All of the articles were about his outfit apart from one, which had gone live twenty minutes ago: ‘Milo Jax spotted getting close to Polly Jenkins at Firehouse Awards afterparty.’ She clicked on the article. ‘The revered pop sensation couldn’t take his eyes off the high-flying It girl. The pair were seen talking closely in the corner all evening and sources say Milo is “quite taken” with her. Polly would be the latest in a long line of gorgeous women the superstar has bedded …’ Rose stopped reading and went to the bathroom. She put the toilet seat down, lowered herself and waited for her heart to stop racing as the previous evening felt even further from reality.
Rose checked the message again. Still nothing. If her experience with Milo was supposed to start and end last night, then so be it. There was nothing she could do to change that. She had to trust the universe. Rose returned to her desk and continued working through the spreadsheet while mentally repeating this mantra, which she’d definitely stolen from an Instagram post.
At 4 p.m., Minnie called a team meeting. She’d just returned from a four-hour lunch with Jasper, a monthly affair after which she was usually in one of two states. The first (and most frequent) was drunk, because Jasper had plied her with vodka martinis at his latest culinary haunt in Mayfair while they traded industry gossip. The second possibility was flustered because he’d just asked her to do something very ambitious with very few resources. Today it was the latter.
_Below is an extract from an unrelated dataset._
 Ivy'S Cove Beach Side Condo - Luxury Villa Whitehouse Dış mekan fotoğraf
‘Right, I have news,’ Minnie began as she, Rose, Oliver and their intern, Annabelle (her uncle was an old friend of Jasper’s from Cambridge), huddled around a rectangular table in the second-floor meeting room. There was a plate of custard creams laid out in front of them and a large silver cafetière surrounded by white china teacups. As Rose poured herself a coffee, Minnie explained that Firehouse was launching a new digital-first publication. It would be called StandFirst and its target audience would be women between the ages of eighteen and thirty-five, though this was just a guideline. The company had invested a huge amount of money in it already, hoping it would boost advertising revenue – something that was now urgent given that so many of Firehouse’s key advertisers were ploughing more money in social media influencers and less money in publishing companies. Firehouse needed to remind the world it was still relevant; and this was part of the wider plan to do that. But none of that mattered, really, the point was that the press team had been given the task of handling StandFirst’s launch.
‘Now, this campaign is going to be a little different from ones we’ve done in the past,’ said Minnie, slowly dipping her custard cream in a mug of coffee she’d brought into the room with her. It had the word ‘GIRLBOSS’ stamped on the front, which meant it definitely wasn’t hers and probably belonged to someone in the commercial department.
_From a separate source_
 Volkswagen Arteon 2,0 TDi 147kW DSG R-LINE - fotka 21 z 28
‘As opposed to a regular launch party, they want us to host a reception with a fashion show afterwards,’ Minnie continued.
‘But it’s not a fashion magazine?’ asked Oliver.
‘Well, the idea is that it will encompass everything that demographic is interested in. So fashion will be one of the primary sections on the website alongside beauty, travel, relationships and well-being.’
‘Sounds great!’ enthused Annabelle.
‘Who’s the sponsor?’ asked Oliver, deconstructing a custard cream and laying it out on the table.
‘Ah, well. This is where you’re going to have to bear with me.’ Minnie exhaled.
‘Oh God, is it eBay or something?’ Oliver looked panicked.
‘Not quite. It’s Jimson & James.’
‘Wait. What?’ His eyes widened.
‘I know. But they’ve offered an inordinate amount of money and quite frankly we had no other options.’
‘Don’t they sell towels?’ asked Rose.
‘Yes, Rose. They sell towels and other household goods. It’s hardly Chanel, I know,’ Minnie sighed.